Real World Parallelism Webinar Series
  • November 17, 2009
    Visual Effects for Animation - presented by DreamWorks Animation
    Speaker: Ron Henderson (Bio)

    Ron Henderson manages the FX Tools group at DreamWorks Animation, where he is responsible for developing physical simulation and procedural modeling tools. These systems have been used for key visual effects in recent films such as Kung Fu Panda and Monsters vs. Aliens (March 2009).

    Prior to joining DreamWorks in 2002 he was a senior scientist at Caltech with a joint appointment to the Applied Math and Aeronautics departments, where he worked on efficient techniques for the direct numerical simulation of fluid turbulence.

    Abstract:
    In this webinar, Ron Henderson will show examples of visual effects, from hair and feathers to smoke and fire, from a variety of DreamWorks Animation feature films. He will discuss in general terms the kinds of techniques used to achieve particular visual effects. Finally, Henderson will show a detailed breakdown of the dam-breaking scene from Madagascar: Escape 2 Africa, demonstrating how different elements of key frame animation, simulation, and rendering are combined in a real production shot.

  • December 1, 2009
    A Quick and Easy Way to Parallelize a Legacy Codebase with Intel® Threading Building Blocks (TBBs)
    Speaker: Bernard Laberge, Avid, Senior Principal Engineer (Bio)

    Bernard Laberge is a senior principal engineer in the video editors division at Avid. During his seven years with the company he has been actively involved in the replacement of the legacy video processing engines used by Avid editors with a common hardware-abstracted, component-based video processing engine currently running on the CPU with SIMD optimized code, GPU, and dedicated hardware.

    Abstract:
    Learn how to overcome the limitations of a thread-based scheduler, including dealing with the absence of recursive parallelism support and the inefficient handling of unbalanced processing load. Bernard Laberge addresses how Avid resolved the expensive refactoring of their thread-based scheduler into a task-based solution by choosing Intel® Threading Building Blocks (TBBs). He explores how Avid was able to easily integrate the Intel TBBs into their video editor applications and more than 5 million lines of code.

  • December 15, 2009
    How to Use Intel® Parallel Studio to Streamline Code Development in a Multicore Environment
    Speaker: Matt Dunbar, Director for Performance Technology, SIMULIA (Bio)

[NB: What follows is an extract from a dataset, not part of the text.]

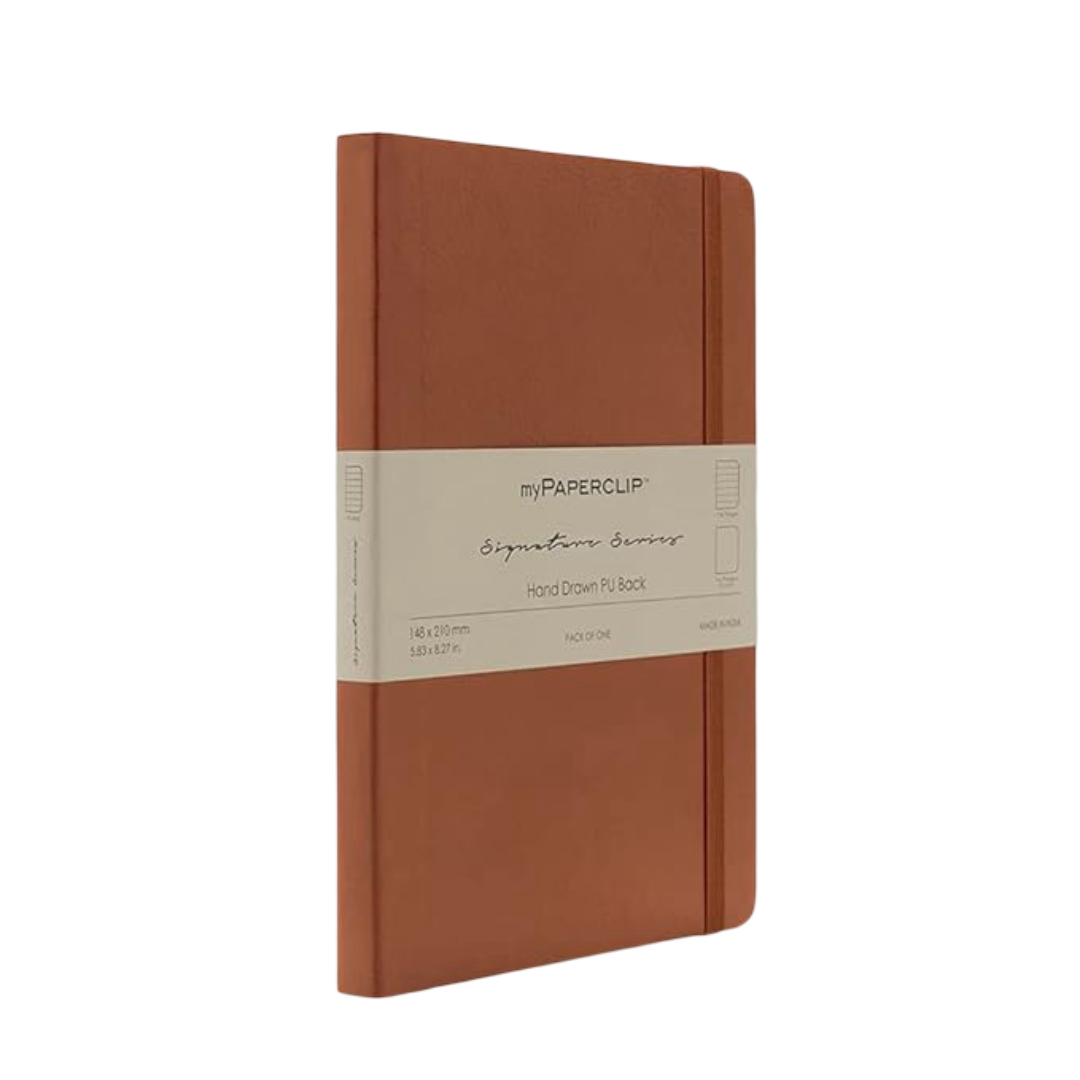 myPAPERCLIP Note Book, Signature Series, A5, (148 x 210 mm, 5.83 x 8.27 in.), Ruled, Tan (SSPU192A5-R Tan)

    Matt Dunbar is the director for performance technology at SIMULIA. Since joining the company in 1993, he has worked on parallelization of the Abaqus suite of products, initially for shared memory architectures and more recently for distributed memory architectures. Dunbar has also been intimately involved in selecting both the hardware and software tools used in the development of the Abaqus product line.

    Abstract:
    Resolve elusive, costly multithreading errors quickly and efficiently with Intel® Parallel Studio. While many coding problems that lead to bugs in software applications are typically straightforward logic errors, errors in managing memory and in multithreading code can sometimes take weeks to months to diagnose and fix. Matt Dunbar explores how and why taking advantage of multicore processors through multithreaded code is critical for compute-intensive applications. While spotlighting his work on SIMULIA's Abaqus finite element solver, Dunbar addresses the need for multicore execution and shares his experiences using Intel Parallel Studio to streamline code development in a multicore environment.